▶ [Data to process]
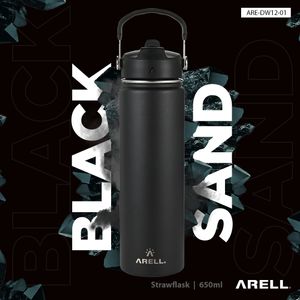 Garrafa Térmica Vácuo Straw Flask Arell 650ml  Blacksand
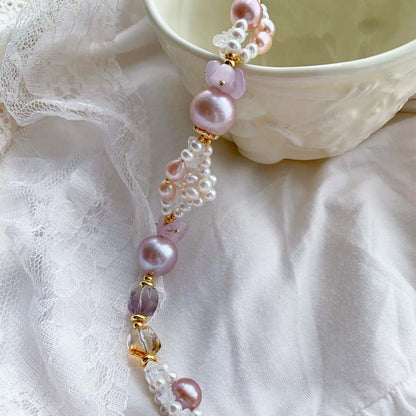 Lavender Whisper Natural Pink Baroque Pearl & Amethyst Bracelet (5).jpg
--
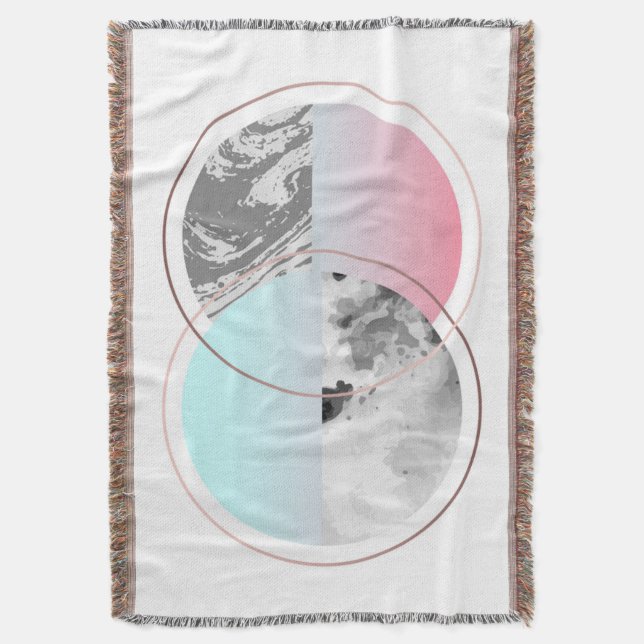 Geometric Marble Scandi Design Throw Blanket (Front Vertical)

▶ [What you are asked to do] Going by the data above, the answer is exactly the lines from the one holding "Garrafa Térmica Vácuo" to the one holding "Lavender Whisper Natural", both kept, with the pictures left out.

▶ [Result]
 Garrafa Térmica Vácuo Straw Flask Arell 650ml  Blacksand
 Lavender Whisper Natural Pink Baroque Pearl & Amethyst Bracelet (5).jpg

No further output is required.